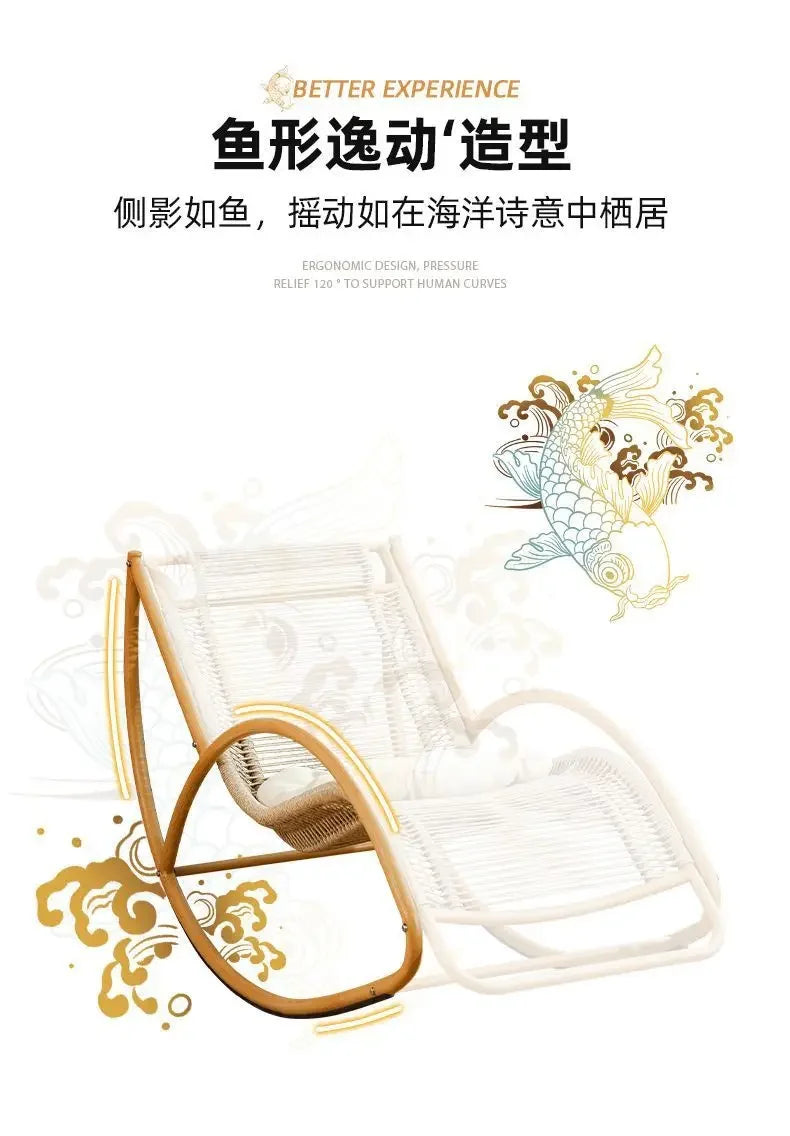 Balcony leisure rocking chair waterproof sunscreen courtyard recliner rattan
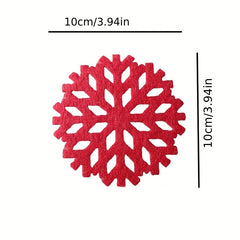 8pcs Round Christmas Mat Snowflake Felt Coaster Placemat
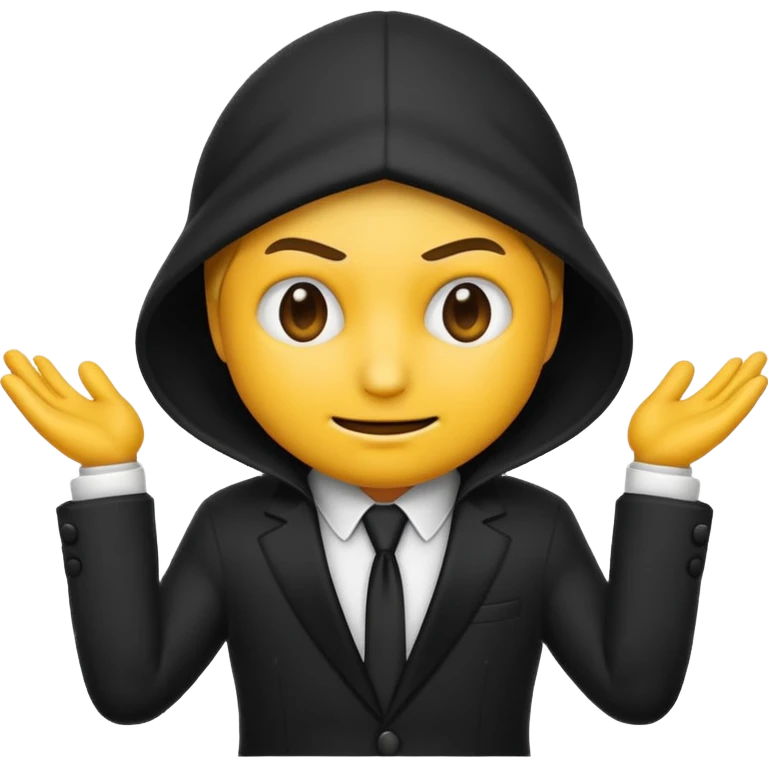 thief emoji wearing a black and white suit, sneaky expression emoji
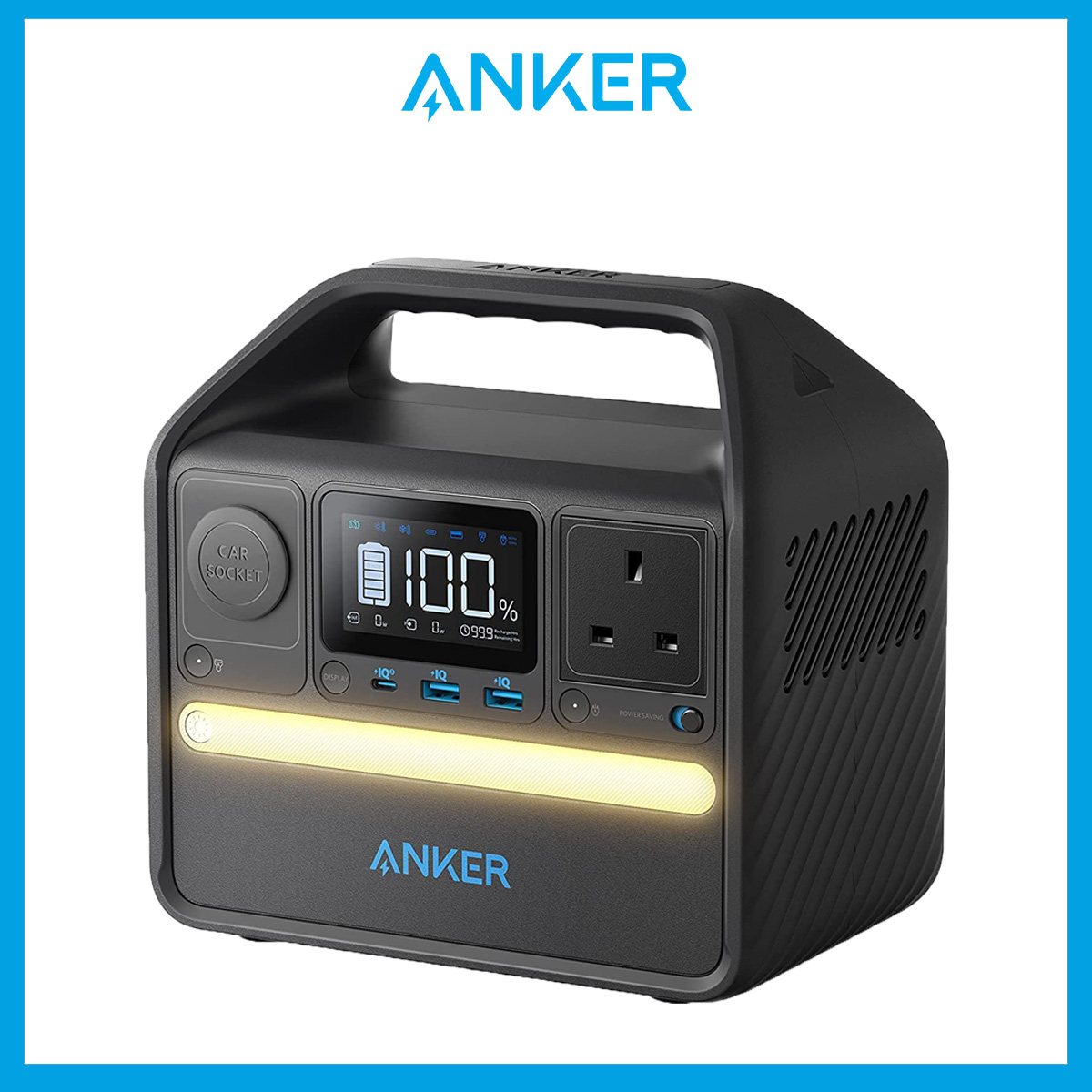 Anker Powerhouse 521 Portable Power Generator Station 256Wh, 200W 5-Port Outdoor Generator with 1 AC Outlets, 60W USB-C PD Output, LiFePO4 Battery Pack, LED Light For Camping, RV, Power Outage and Mor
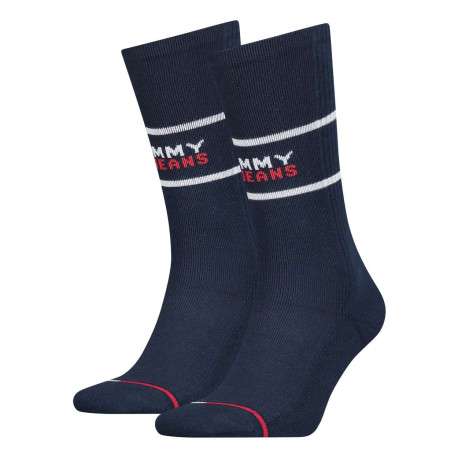 Lot de 2 paires de chaussettes hautes en coton biologique marine unies avec une coupe haute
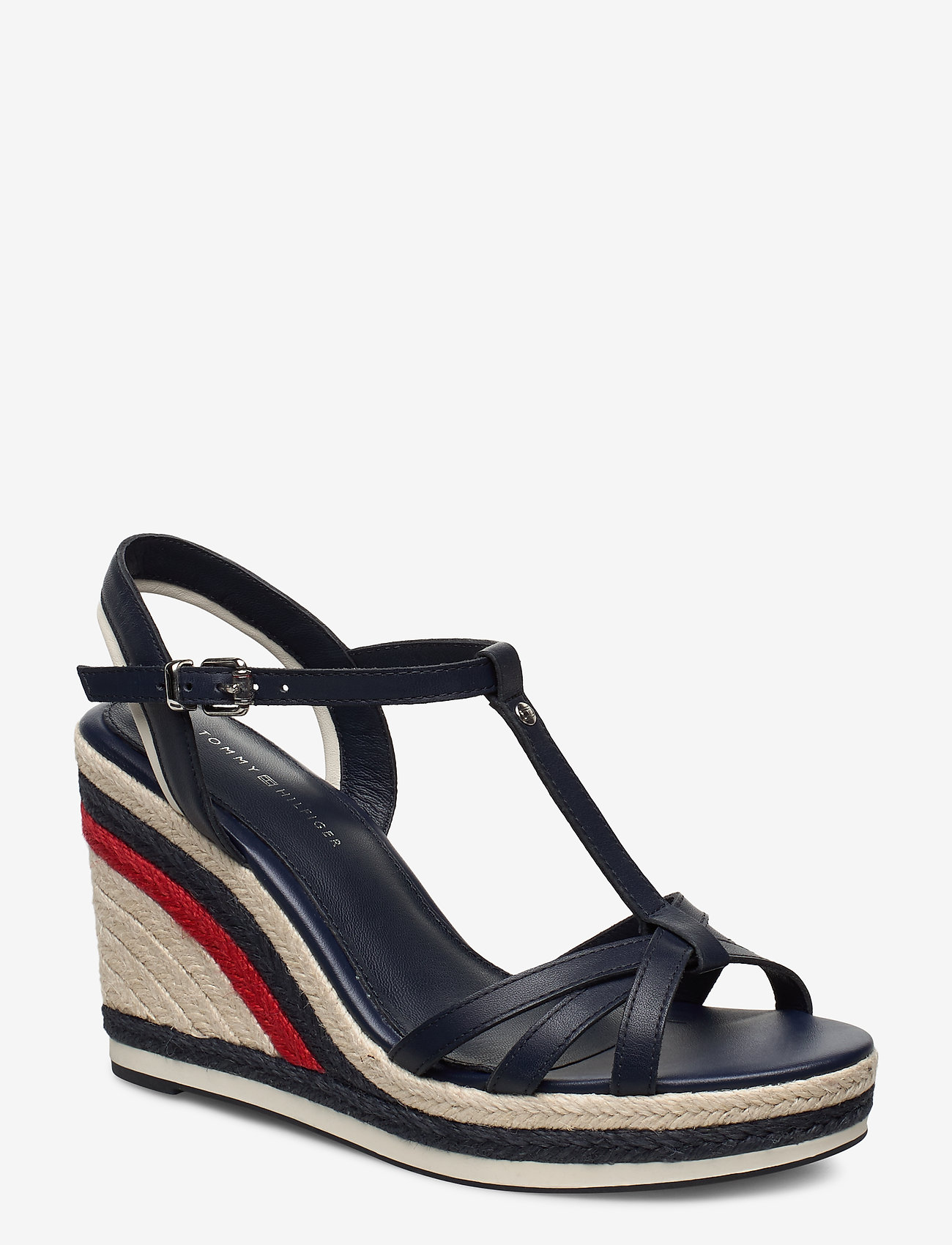 Tommy Hilfiger - TOMMY STRAPPY HIGH WEDGE - sport navy - 0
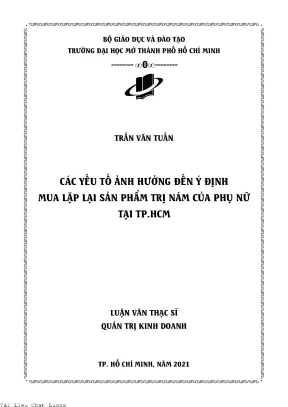 Các yếu tố ảnh hưởng đến ý định mua lặp lại sản phẩm trị nám của phụ nữ tại tp hcm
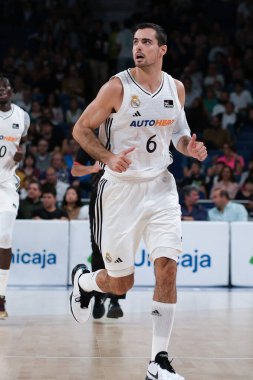 Alberto Abalde  of Real Madrid during ACB Liga Endesa Basketball match between Real Madrid and Casademont Zaragoza at WiZink Center on October 6 2024 in Madrid Spain clipart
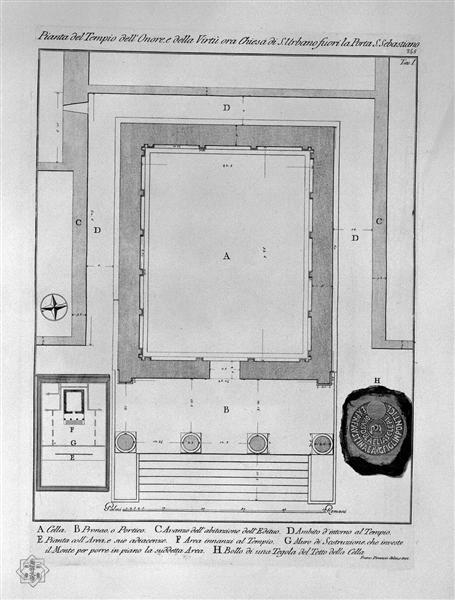 Plan and elevation rear of the Temple of the Sibyl at Tivoli - Джованні Баттіста Піранезі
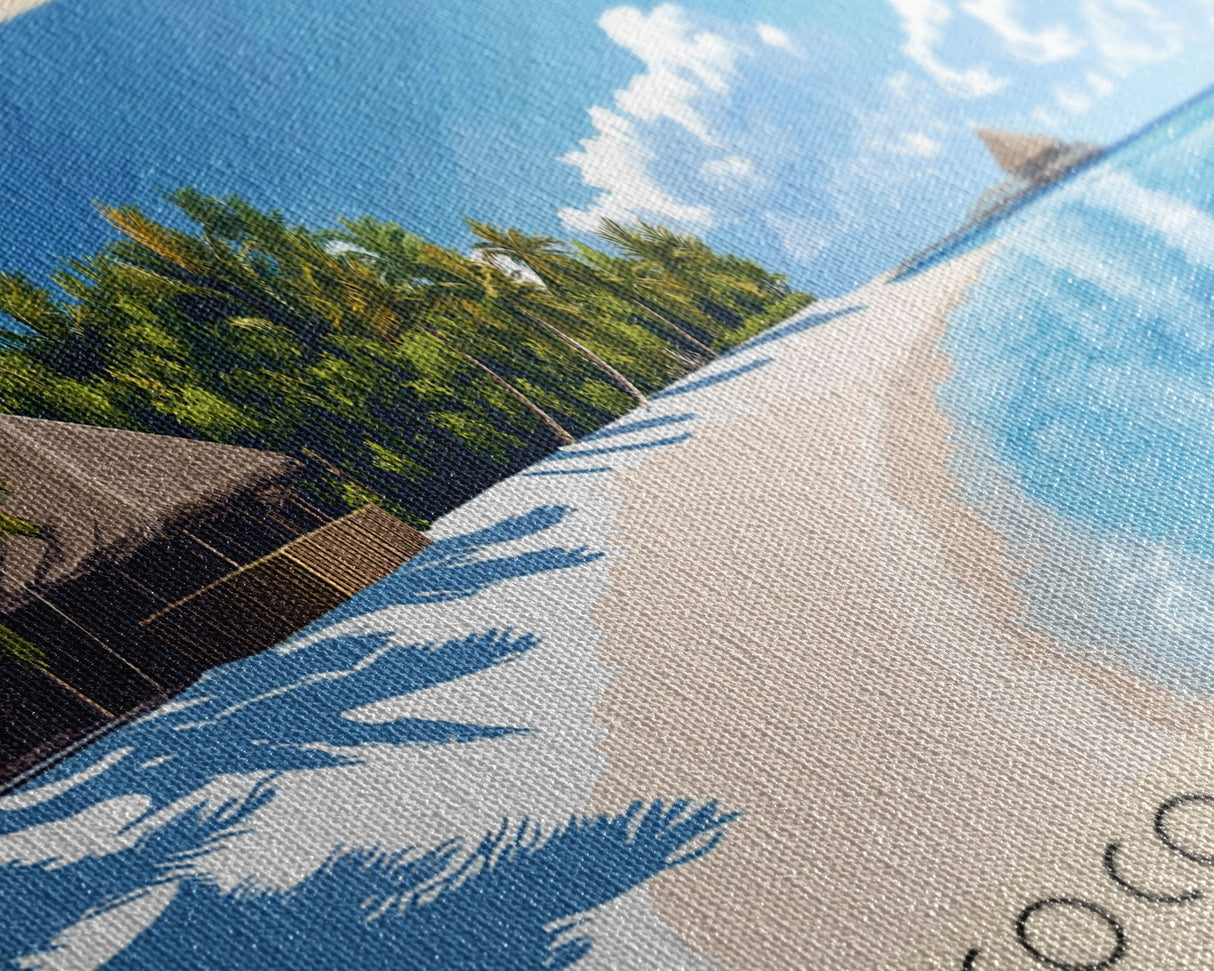 Cocoa Island, Maldives Panoramic Print, Vacation Gift, Maldives Wall Art, Beach Painting, Beach Decor, Large Wall Art, Wood Frame Art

• [To do] The job here is to retype the data exactly, with no pictures included.

• [Final answer]
 Balcony leisure rocking chair waterproof sunscreen courtyard recliner rattan
 8pcs Round Christmas Mat Snowflake Felt Coaster Placemat
 thief emoji wearing a black and white suit, sneaky expression emoji
 Anker Powerhouse 521 Portable Power Generator Station 256Wh, 200W 5-Port Outdoor Generator with 1 AC Outlets, 60W USB-C PD Output, LiFePO4 Battery Pack, LED Light For Camping, RV, Power Outage and Mor
 Lot de 2 paires de chaussettes hautes en coton biologique marine unies avec une coupe haute
 Tommy Hilfiger - TOMMY STRAPPY HIGH WEDGE - sport navy - 0
 Các yếu tố ảnh hưởng đến ý định mua lặp lại sản phẩm trị nám của phụ nữ tại tp hcm
 Alberto Abalde  of Real Madrid during ACB Liga Endesa Basketball match between Real Madrid and Casademont Zaragoza at WiZink Center on October 6 2024 in Madrid Spain clipart
 Plan and elevation rear of the Temple of the Sibyl at Tivoli - Джованні Баттіста Піранезі
 Cocoa Island, Maldives Panoramic Print, Vacation Gift, Maldives Wall Art, Beach Painting, Beach Decor, Large Wall Art, Wood Frame Art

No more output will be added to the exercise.